Depuis le début de cette histoire, le candidat Fillon ne cesse de dénoncer une machination. Le ou les snipers embusqués qui ont nourri les scoops du Canard enchaîné ont évidemment le dessein de peser sur la présidentielle. Viennent-ils de la gauche ? De l'extrême droite ? De l'extrême gauche ? Ou encore des adversaires de François Fillon au sein de sa propre famille politique ? Peu importe en fait puisque tous en profitent. Marine Le Pen peut reprendre du poil de la bête sur l'air du « tous pourris » ; Emmanuel Macron peut espérer effectuer une razzia auprès des juppéistes et des centristes pour se propulser au second tour, etc.

Soit l'on considère que les informateurs de l'hebdomadaire sont d'abominables délateurs, soit l'on considère qu'ils sont des lanceurs d'alerte. Dans le premier cas, il aurait fallu que les accusations soient grossièrement fausses... Or, François Fillon a reconnu que son épouse était son attachée parlementaire, à la grande surprise de ses amis. La contestation repose sur l'effectivité du travail.
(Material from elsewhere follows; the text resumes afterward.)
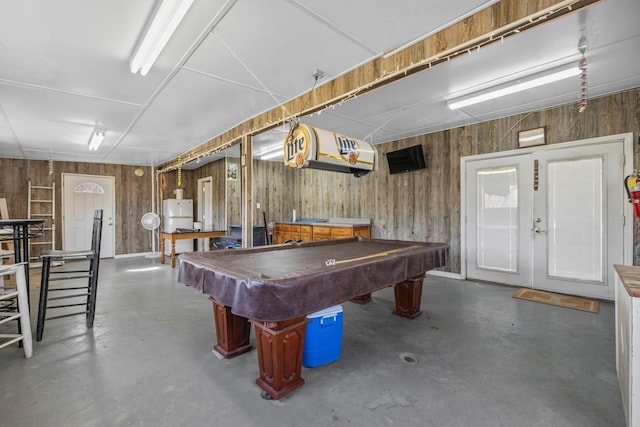 2220 Potts Camp Rd, Smithville, TN 37166 - rec room featuring wooden walls, concrete flooring, pool table, and french doors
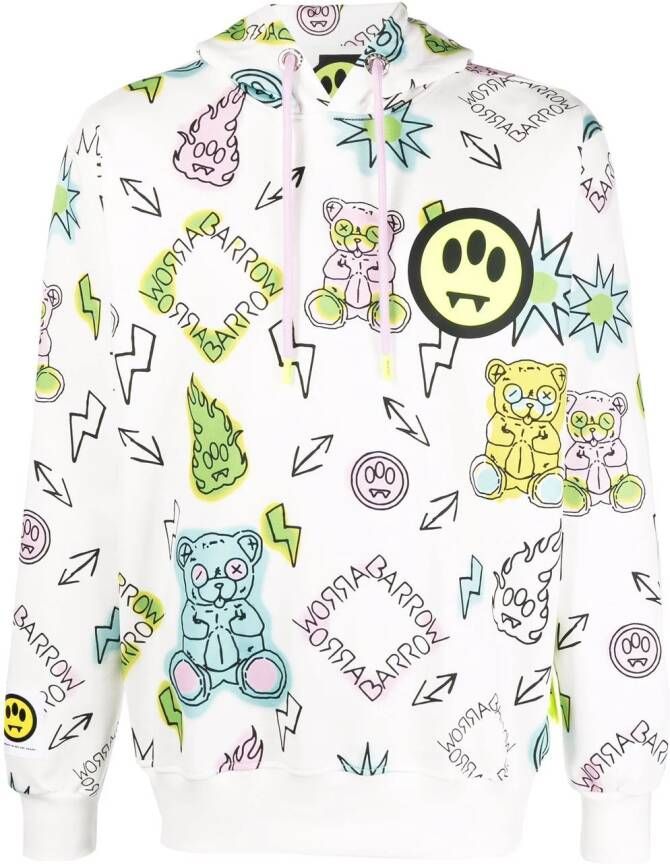 BARROW Hoodie met print Wit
Et l'on ne peut pas dire, au regard des déclarations de sa propre épouse, que ce travail était évident...

Fallait-il se taire ? Fallait-il, pour ne pas perturber la bonne marche de cette présidentielle, laisser François Fillon tranquille ? Ne pas salir le débat par le déballage des mœurs politiques parlementaires ? Faut-il détourner le regard par crainte que les populistes s'emparent de cette pénible affaire pour faire leur beurre ?
Notre affaire à tous

Trop tard, le mal est fait. François Fillon était jusqu'ici porteur d'un discours sur la valeur du travail, le goût de l'effort, l'exemplarité. Il était parvenu à rassurer sur sa présidentialité. Ses références au général de Gaulle, à Georges Pompidou parlaient à la France profonde, ahurie par le quinquennat cahotique de François Hollande, exaspérée par l'effondrement de l'autorité et la mauvaise graisse de la bureaucratie.

Quelle que soit dorénavant l'issue de cette histoire, le népotisme indiscutable qui a cours à l'Assemblée nationale et au Sénat est devenu, en 2017, insupportable pour l'opinion. Même s'il est légal. Quand François Fillon s'accroche, il semble dire que ces pratiques d'un autre âge sont légitimes. A-t-il conscience que c'est son propre discours républicain qu'il jette aux orties ? Ce porte-à-faux est mortel et empoisonne déjà son projet politique même s'il parvient à être élu président de la République.

L'affaire Fillon n'est effectivement plus l'affaire de François Fillon. Elle est notre affaire à tous. Elle devra conduire à de profondes remises en cause des usages politiques. Sinon, les populistes finiront pas l'emporter.